Print the data that follows without changing a single word.

▶ **Recorded data**
- - -

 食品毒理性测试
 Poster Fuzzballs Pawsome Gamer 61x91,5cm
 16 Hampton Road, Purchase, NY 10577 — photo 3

- - -

▶ **Completed exercise**
 食品毒理性测试
 Poster Fuzzballs Pawsome Gamer 61x91,5cm
 16 Hampton Road, Purchase, NY 10577 — photo 3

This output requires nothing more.